# BMW North America phone number for ED vehicle inquiry?



## flightjunkie (Nov 5, 2006)

Hi everyone,

I, like many others, am (somewhat) patiently waiting for redelivery of my ED vehicle. I noticed in some posts that people have contacted BMW NA, who has given them detailed information on projected arrival time at the VPC, estimated time of departure from VPC, etc.
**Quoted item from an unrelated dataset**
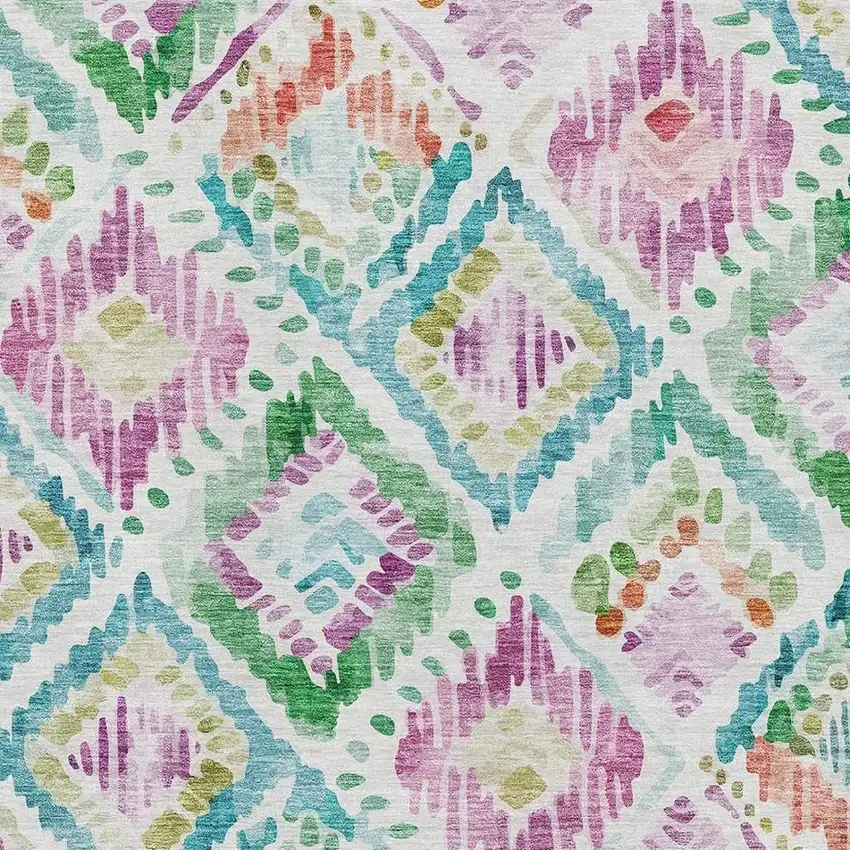 Teal Ivory Green And Purple Geometric Washable Area Rug With UV Protection Photo 2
Which number should I call? I only see this one on the BMW NA website under "European Delivery:" 1-877-992-6999.

Thanks!


----------



## bimmer12safrad (Feb 13, 2006)

flightjunkie said:


> Hi everyone,
> 
> I, like many others, am (somewhat) patiently waiting for redelivery of my ED vehicle. I noticed in some posts that people have contacted BMW NA, who has given them detailed information on projected arrival time at the VPC, estimated time of departure from VPC, etc.
> 
> ...


That is certainly one you could start with. Many factors affect whom might be helpful. How long have you been withing? What is your dealer telling you. Many helpful posts on this topic and if you provide more info you will get more assistance. Hope U reunite soon.


----------



## AZ-BMW (Dec 16, 2006)

flightjunkie said:


> Which number should I call? I only see this one on the BMW NA website under "European Delivery:" 1-877-992-6999.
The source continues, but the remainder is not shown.